Student’s sad story sheds new light on bullying

14-year-old tells about being picked on because of illness

As 14-year-old Michael Collins began to speak at a bullying prevention event, he didn’t expect to steal the hearts of everyone in the audience.

Michael was born with vertebral defects, anal atresia, cardiac defects, trachea-esophageal fistula, renal anomalies, limb abnormalities and Poland syndrome.

His illness causes the right side of his body to be under-developed, giving him a smaller arm that he calls his “lucky fin.”

Michael faces many challenges, one of the biggest being that he didn’t start speaking until he was 6 years old. Having to defend himself was hard.

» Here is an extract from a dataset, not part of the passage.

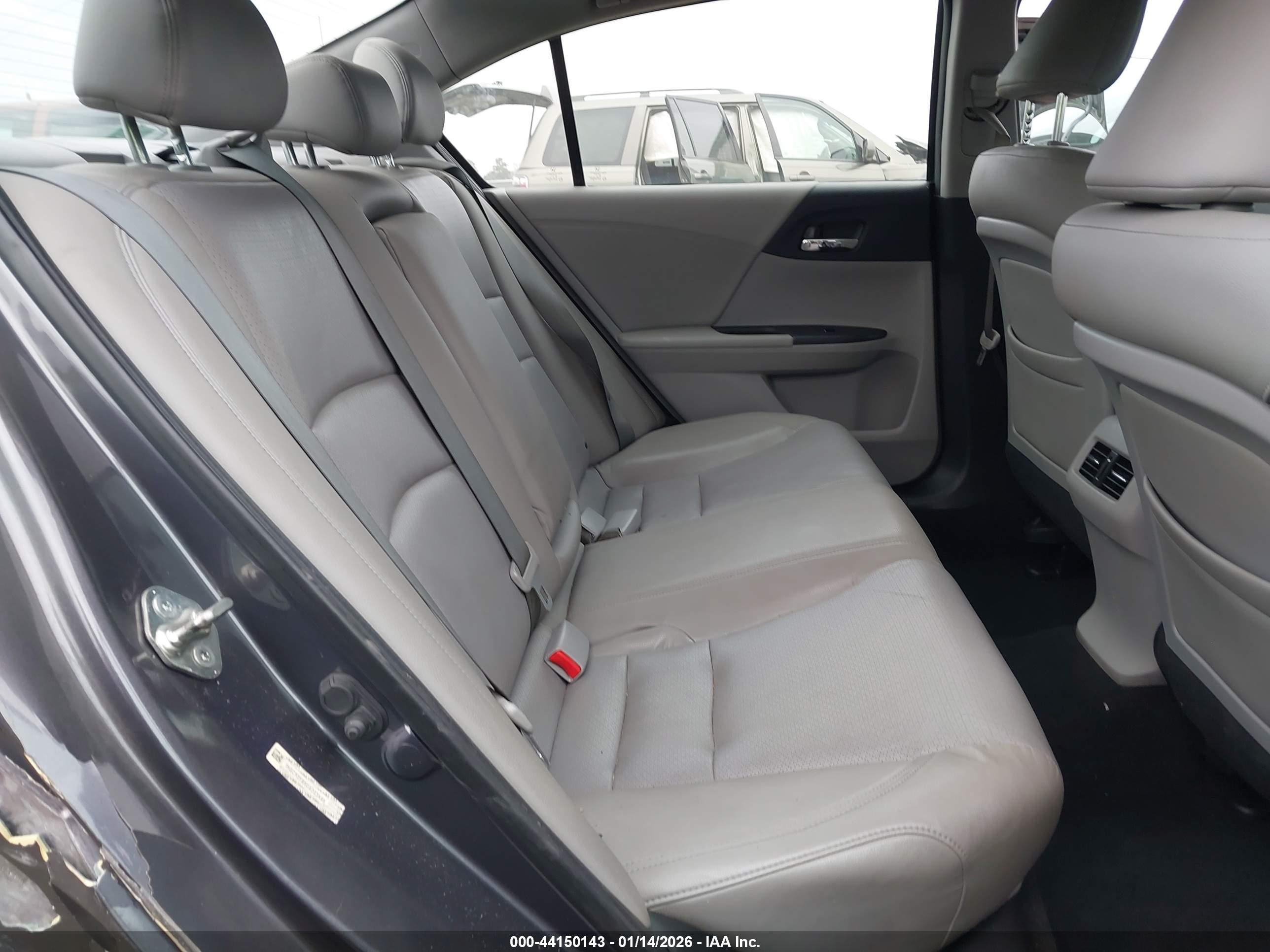 HONDA ACCORD image 8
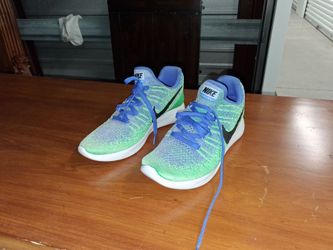 Size 8 woman shoes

“People could only hear my screams but not my words,” Michael said. “My words were silent.”

When he was 11, he said, there was a particular boy who bullied him with the intention of breaking his “lucky fin.”

Soon after the incident Michael spoke to his doctor and mother about his desire to give up. Not only did he want all upcoming surgeries to stop, he wanted to take his own life.

Michael’s mom, Rachel Collins, said that growing up there were many parents who openly told their kids to get away from the “retarded kid,” referring to Michael.

The Collins family, who now live in Fort Worth, came down to share their story at the Bullying Ends Now event that held April 14 at Water’s Edge Park by the Molina family.

The Molina family held the event as a remembrance to their son, Teddy Molina, who took his life April 1, 2012, as a result of bullying. Mingo Molina, Teddy’s father and a Del mar alumnus, could only describe the incident as a “deafening bang.”

The event welcomed many guest speakers such as candidate for Congress Eric Holguin, who shared his personal experiences.

“It’s an everyone issue,” Holguin said. “I want to show I can fight for everyone’s kids.”

Many of the speakers altered their comments after hearing Michael’s story. Barbara Canales, candidate for Nueces County judge, explained how her experiences could tie into the feeling that Michael endures.

“Different is OK,” Canales said. “Different should be celebrated.”

Michael has worked toward creating a project called Operation Friendship.

“We need heroes,” he exclaimed.

Michael told how his experience has defined him. He has accepted that he was a victim, but now it’s time to be an advocate.

Molina stressed the need for awareness to the issue. His central message was centered around the fact that “everything starts with one.”